Rich support
All data models in harborapi support the Rich __rich_console__
protocol, which allows these models to be specially rendered in Rich consoles.
In order to use this feature, you must first install rich
:
The __rich_console__
method on a model creates a Rich Panel containing one or more Rich Tables representing the model. This method is automatically called when the model is printed to a Rich console.
Printing models
Printing a model to a Rich console will automatically render the model as a table:
from rich import print
from harborapi.models import Repository
r = Repository(
..., # omitted for brevity
)
print(r)
Produces:
╭───────────────────────────────────────────────────────────────╮
│ Repository │
│ ┏━━━━━━━━━━━━━━━━━━━┳━━━━━━━━━━━━━━━━━━━━━━━━━━━━━━━━━━━━━━━┓ │
│ ┃ Field ┃ Value ┃ │
│ ┡━━━━━━━━━━━━━━━━━━━╇━━━━━━━━━━━━━━━━━━━━━━━━━━━━━━━━━━━━━━━┩ │
│ │ id │ 1234 │ │
│ │ project_id │ 1 │ │
│ │ name │ library/foo │ │
│ │ description │ Foo application repository │ │
│ │ artifact_count │ 123 │ │
│ │ pull_count │ 456 │ │
│ │ creation_time │ 2020-01-01 13:20:46.230000+00:00 │ │
│ │ update_time │ 2023-01-01 13:20:46.230000+00:00 │ │
│ └───────────────────┴───────────────────────────────────────┘ │
╰───────────────────────────────────────────────────────────────╯
Nested models are rendered as individual tables within the panel:
from rich import print
from harborapi.models import Schedule, ScheduleObj
s = Schedule(
..., # omitted for brevity
schedule=ScheduleObj(
...,
),
)
print(s)
Produces:
╭───────────────────────────────────────────────────────────────╮
│ Schedule │
│ ┏━━━━━━━━━━━━━━━━━━┳━━━━━━━━━━━━━━━━━━━━━━━━━━━━━━━━━━━━━━━━┓ │
│ ┃ Field ┃ Value ┃ │
│ ┡━━━━━━━━━━━━━━━━━━╇━━━━━━━━━━━━━━━━━━━━━━━━━━━━━━━━━━━━━━━━┩ │
│ │ id │ 1234 │ │
│ │ status │ None │ │
│ │ creation_time │ 2020-01-01 13:20:46.230000+00:00 │ │
│ │ update_time │ 2023-01-01 13:20:46.230000+00:00 │ │
│ │ schedule │ See below (Schedule.schedule) │ │
│ │ parameters │ None │ │
│ └──────────────────┴────────────────────────────────────────┘ │
│ Schedule.schedule │
│ ┏━━━━━━━━━━━━━━━━━━━━━━━━━━━━━━━━━━━━┳━━━━━━━━━━━━━━━━━━━━━━┓ │
│ ┃ Field ┃ Value ┃ │
│ ┡━━━━━━━━━━━━━━━━━━━━━━━━━━━━━━━━━━━━╇━━━━━━━━━━━━━━━━━━━━━━┩ │
│ │ type │ Type.daily │ │
│ │ cron │ 0 0 0 * * * │ │
│ │ next_scheduled_time │ None │ │
│ └────────────────────────────────────┴──────────────────────┘ │
╰───────────────────────────────────────────────────────────────╯
Get model tables
If you want to retrieve the table representation(s) of a model, you can use the as_table
method. This method returns a generator of Rich Table objects.

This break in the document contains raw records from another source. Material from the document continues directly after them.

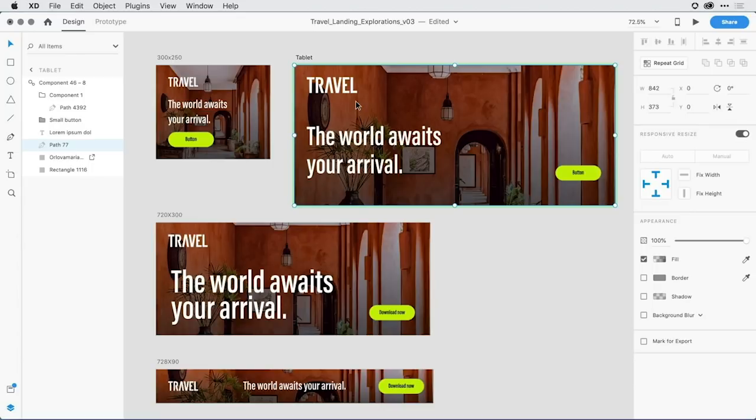Okay, well, once again, this is just a very quick preview of two terrific features that come together beautifully in the latest release of Adobe XD. I encourage you to give it a try. Bye-bye.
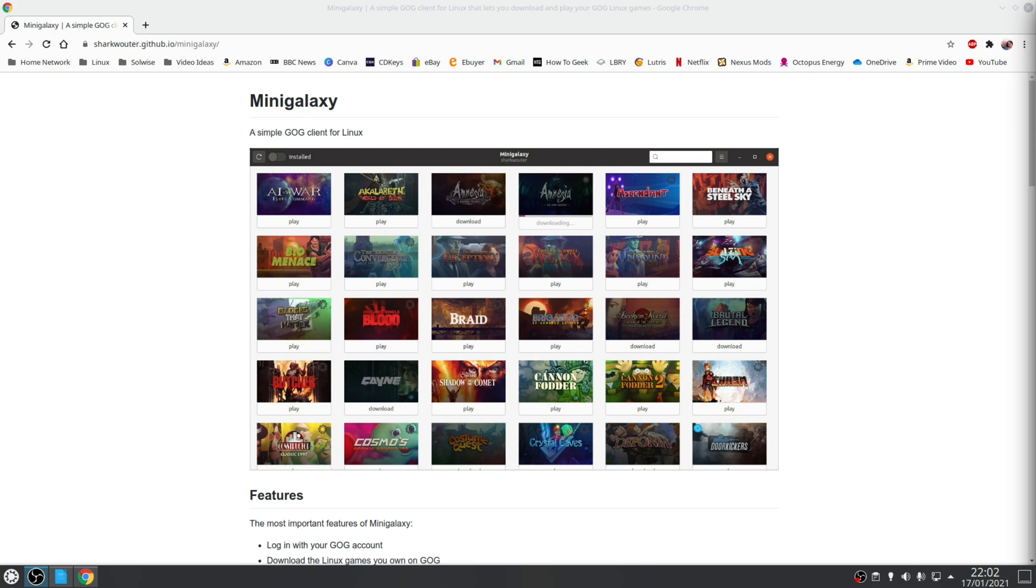Now these will be run through Wine and in fact the only requirement from an end-user point of view is that you've installed Wine beforehand and you've signed into your GOG account.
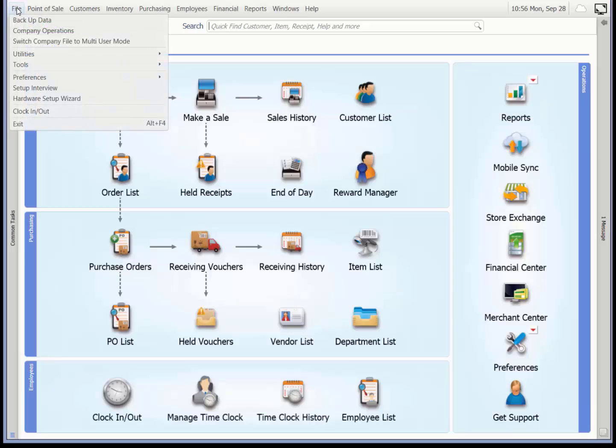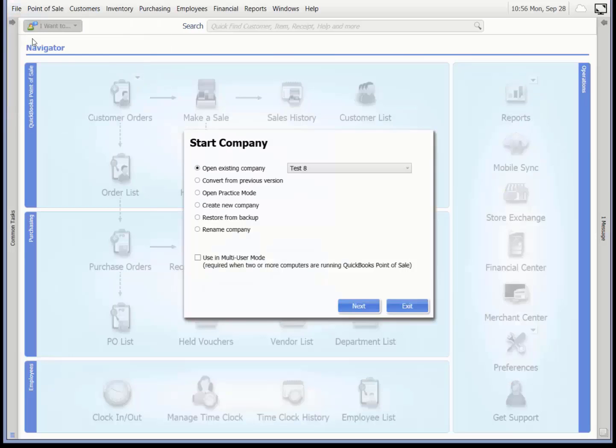From the file menu, select company operations. In the dialog displayed, select create new company.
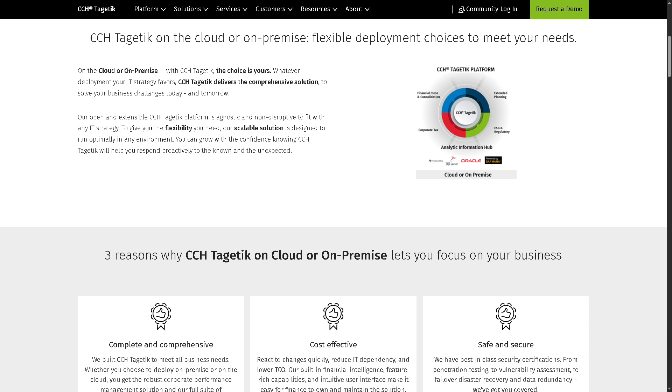It's really ideal for businesses that need more control over security, data residency, or have strict compliance needs. Because Tagetik supports both models, allowing businesses to choose the best fit or transition gradually.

Since the returned object is a generator, we must either iterate over it manually, or consume it by passing it to a container type, such as a list or tuple.
By calling this function ourselves, we can pass parameters such as max_depth
to customize the recursion depth of the table, as well as with_description
to include the description of each field in the table.
from rich import print
a = Artifact(...)
# We can print each table individually
for table in a.as_table():
print(table)
# Or print them all at once
print(*(a.as_table()))
# We can use the parameters of `as_table` to customize the table:
tables = a.as_table(max_depth=0) # don't recurse into nested models
# We can consume the generator by passing it to a list
tables = list(a.as_table())
tables = tables[:2]
for table in tables:
print(table)
The same kwargs that can be passed to as_table
can also be passed to as_panel
, which is the method that __rich_console__
calls under the hood to wrap the tables in a panel.